Tibetans are by no means overjoyed that the Dalai Lama has decided to relinquish his role as their political leader. In the southern Indian town of Mundagod, where exiled Tibetans have built a monastery, they told The Times of India yesterday: "We are shocked and pained... the mood in all families here is gloomy. The Lamas are now worried over the future of displaced Tibetans who are fighting for freedom from the clutches of China."
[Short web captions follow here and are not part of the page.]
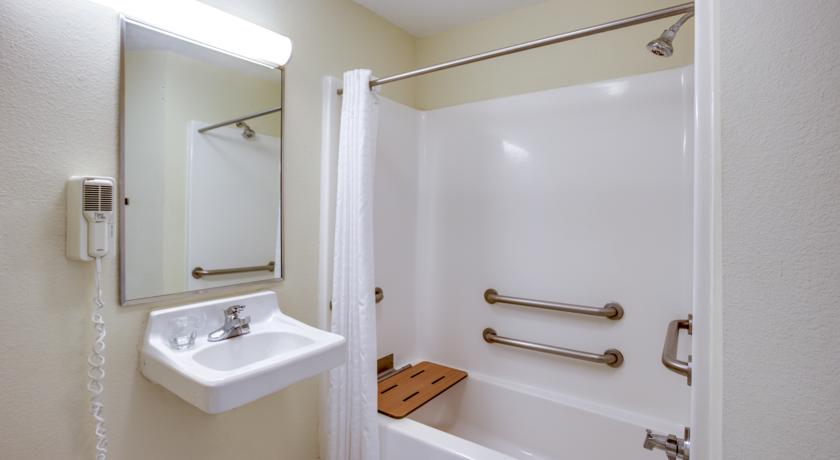 Imagen de la habitación del Hotel Candlewood Suites Durham, An Ihg. Foto 3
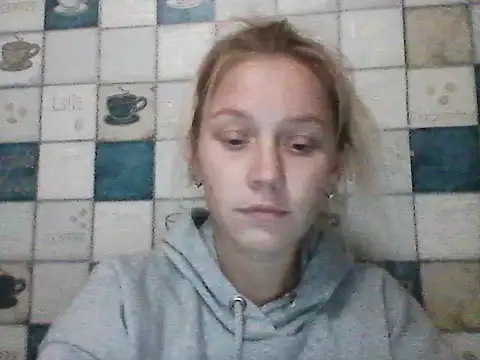 Snapshot of Anna_wey chatting on 10-13-25, 06:42 Anna wey online show from 10-13-25, 06:42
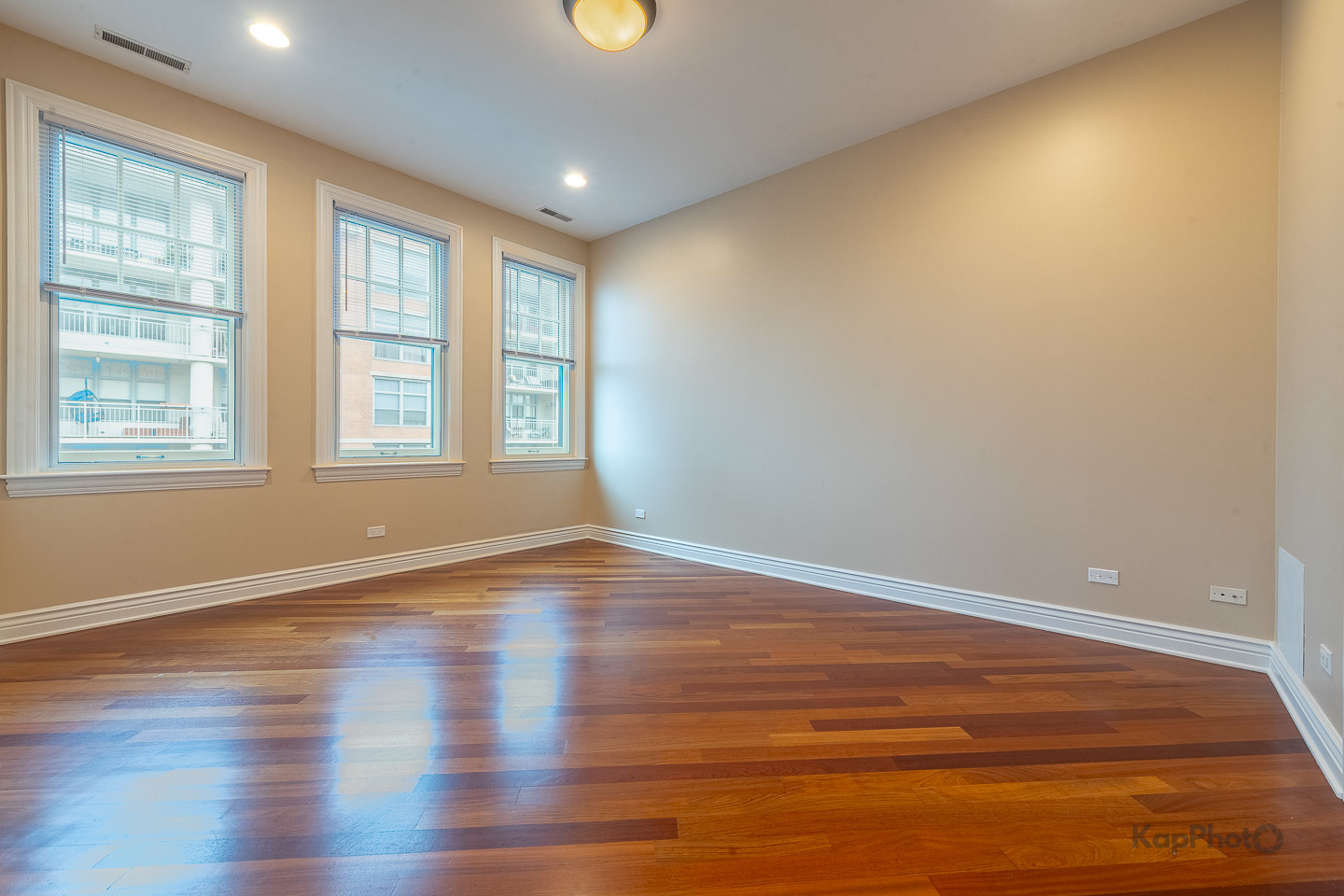 35 S Racine Avenue Unit: 5SW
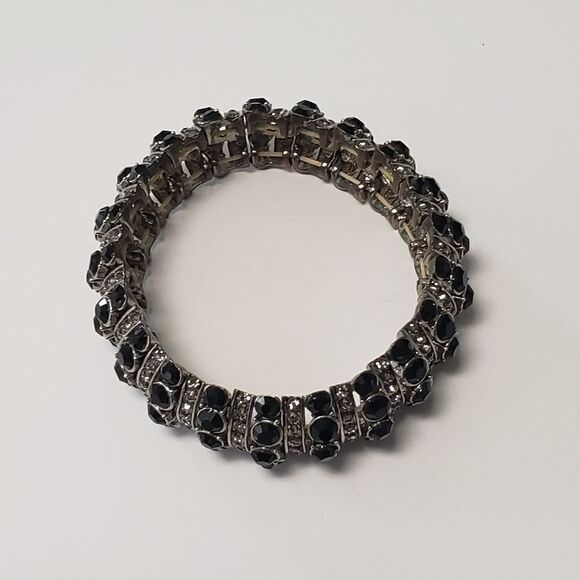EUC domed black jeweled and faux diamond stretchy bracelet - Picture 6 of 9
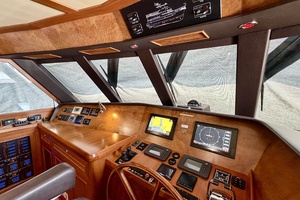 Alaskan 70 OHANA - Interior Helm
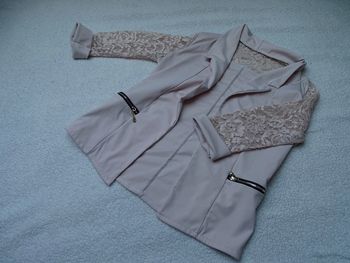 Joli blazer manches dentelles 36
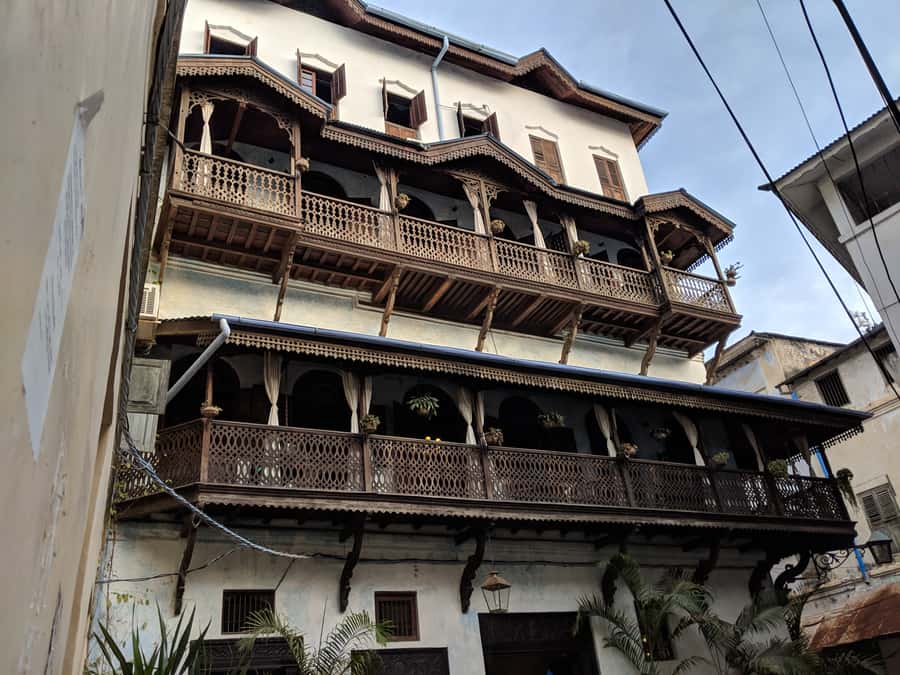 Stonetown Historical Walking Tour & Traditional Lunch - Freddie Mercury’s house and the modern Stone Town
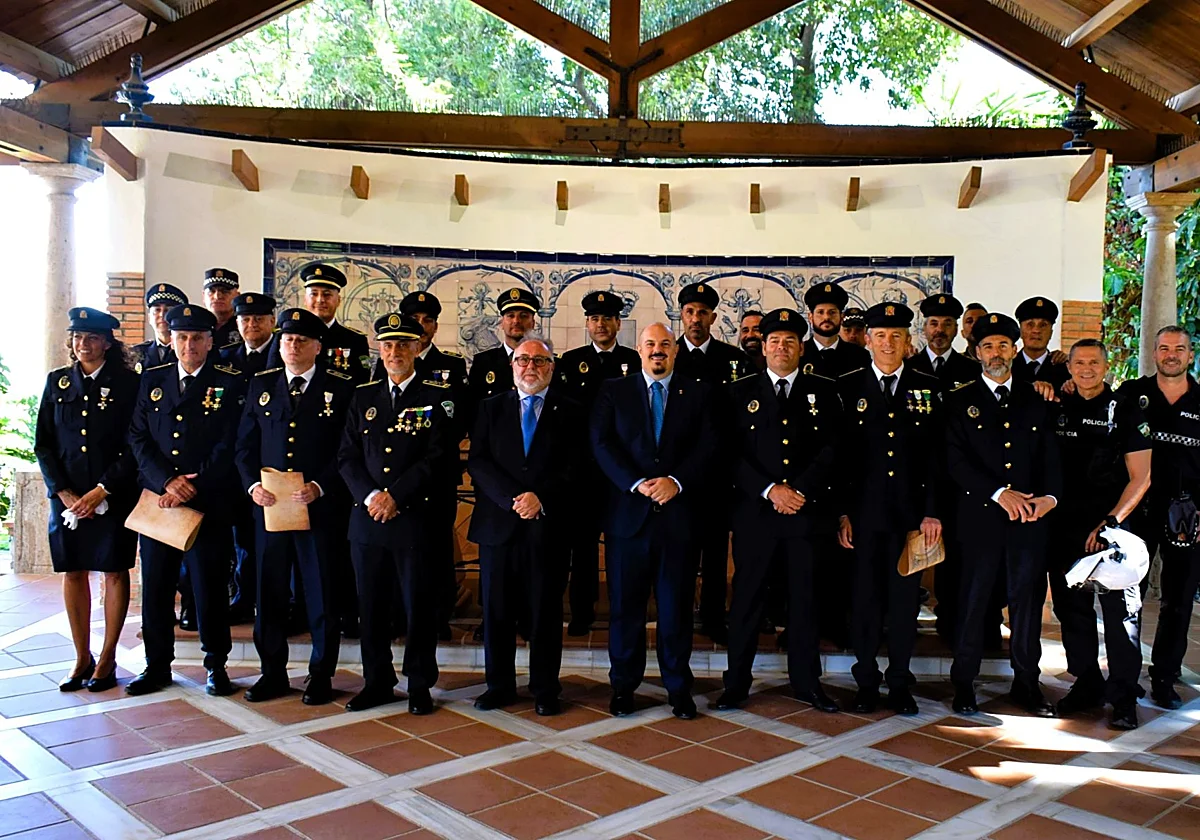 Un rescate, un atrincherado y amenzas: condecoraciones en Alhaurín de la Torre por una gran respuesta policial
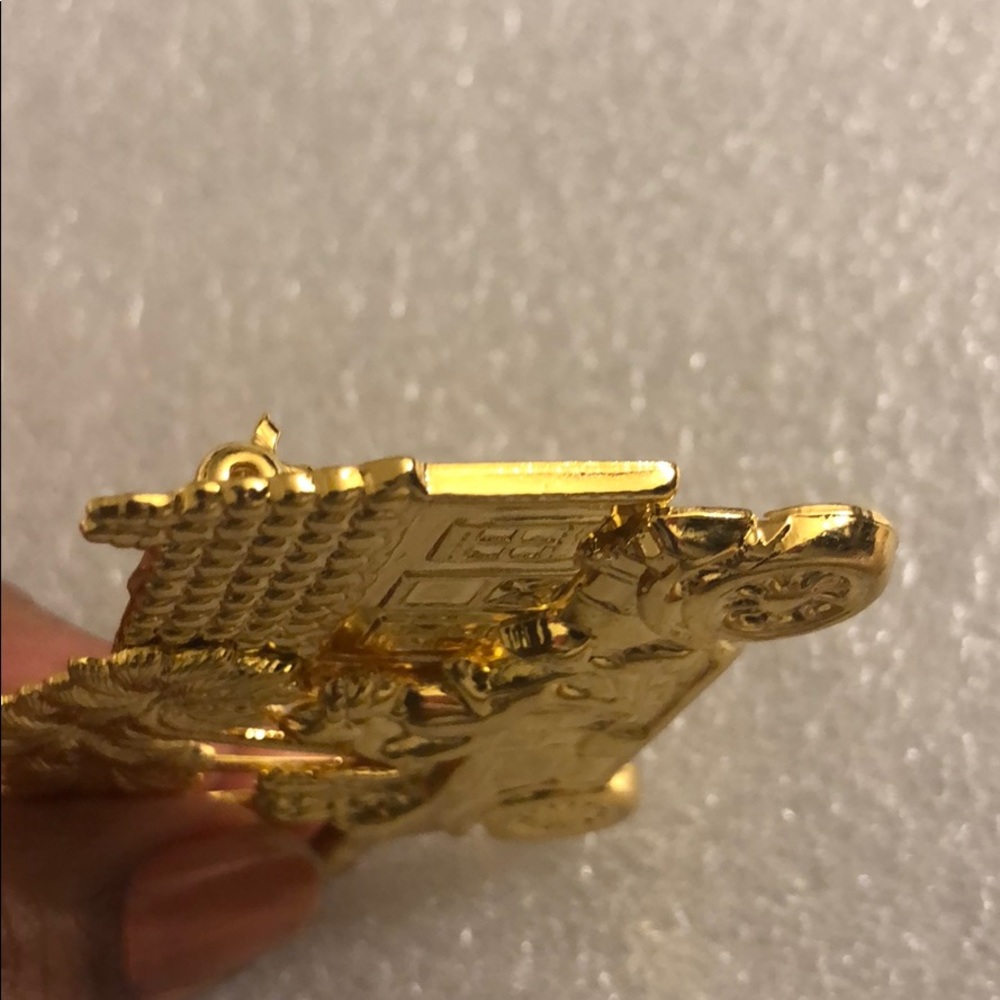 Vtg Antique car pin Automobile Gold tone pin - Picture 12 of 12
Their distress is easy to understand: Tibet has been ruled by the high Buddhist clergy for centuries. The Dalai Lama's legitimacy goes back to his childhood, when he was "revealed" as the 14th incarnation. The legitimacy of rulers is a fragile commodity, as the world has witnessed in North Africa: it's the glue that holds a nation together, but unless a ruler enjoys not only opinion of interest, as Hume put it, but also opinion of right – unless people agree that he has the moral right to rule – even a tyrant can lose traction fast.
The Dalai Lama has exasperated many younger Tibetans in recent years by his refusal to yield on non-violence and his decision to make autonomy rather than independence his government's goal. But even the Tibetans who criticise his politics would not question his right to do what he does. It is only that unquestioned legitimacy, and the charisma of his personality, that has succeeded in holding his impoverished, oppressed and scattered people together.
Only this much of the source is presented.